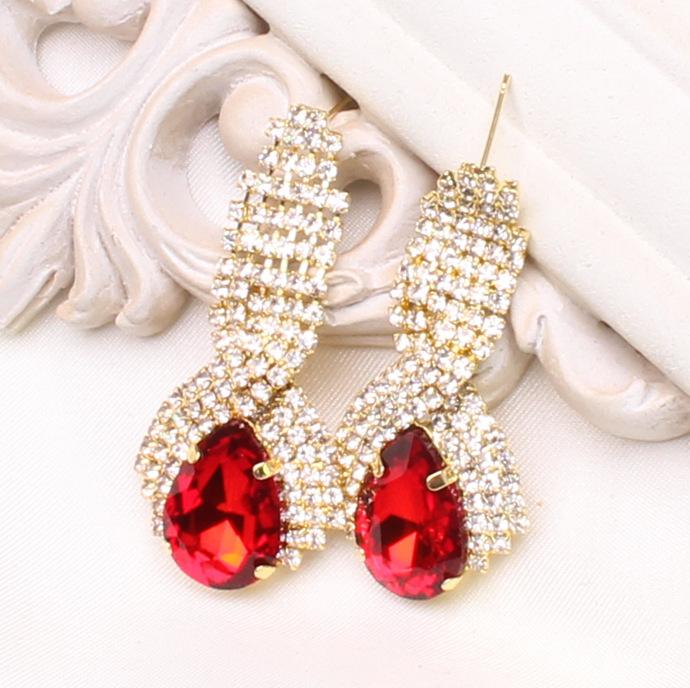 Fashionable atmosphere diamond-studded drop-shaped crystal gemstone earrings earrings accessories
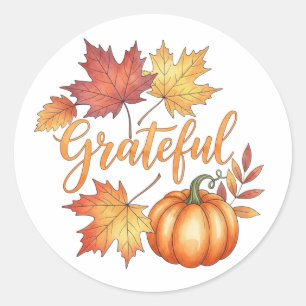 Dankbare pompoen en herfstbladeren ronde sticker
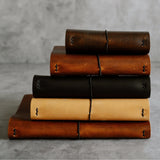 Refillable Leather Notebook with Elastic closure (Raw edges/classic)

---

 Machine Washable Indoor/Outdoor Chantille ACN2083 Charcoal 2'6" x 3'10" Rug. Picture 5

==

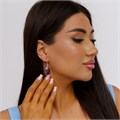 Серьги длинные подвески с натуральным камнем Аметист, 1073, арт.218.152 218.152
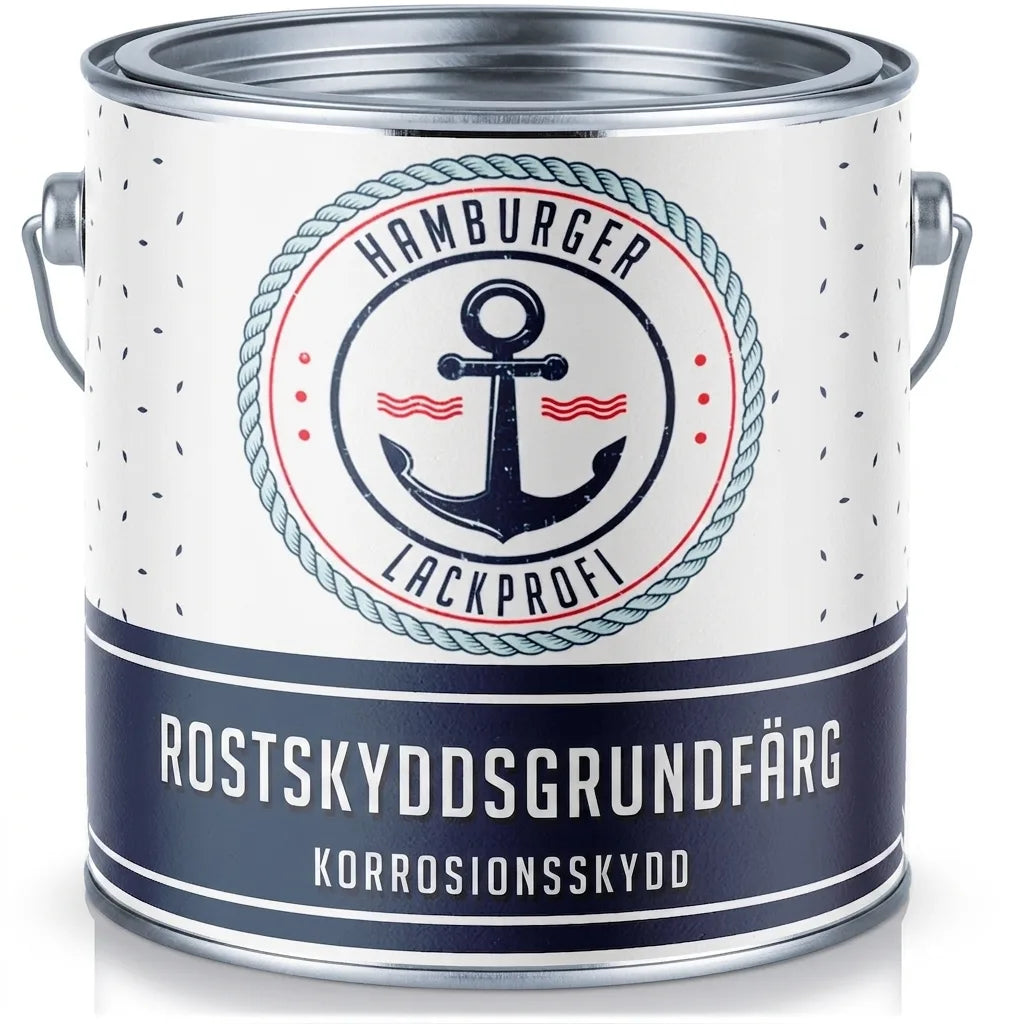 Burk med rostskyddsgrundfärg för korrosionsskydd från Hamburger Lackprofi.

Task prompt: Set down word for word the lines above from the one with "Fashionable atmosphere diamond-studded" up to and including the one with "Refillable Leather Notebook". Omit every picture.

Response to this exercise:
 Fashionable atmosphere diamond-studded drop-shaped crystal gemstone earrings earrings accessories
 Dankbare pompoen en herfstbladeren ronde sticker
 Refillable Leather Notebook with Elastic closure (Raw edges/classic)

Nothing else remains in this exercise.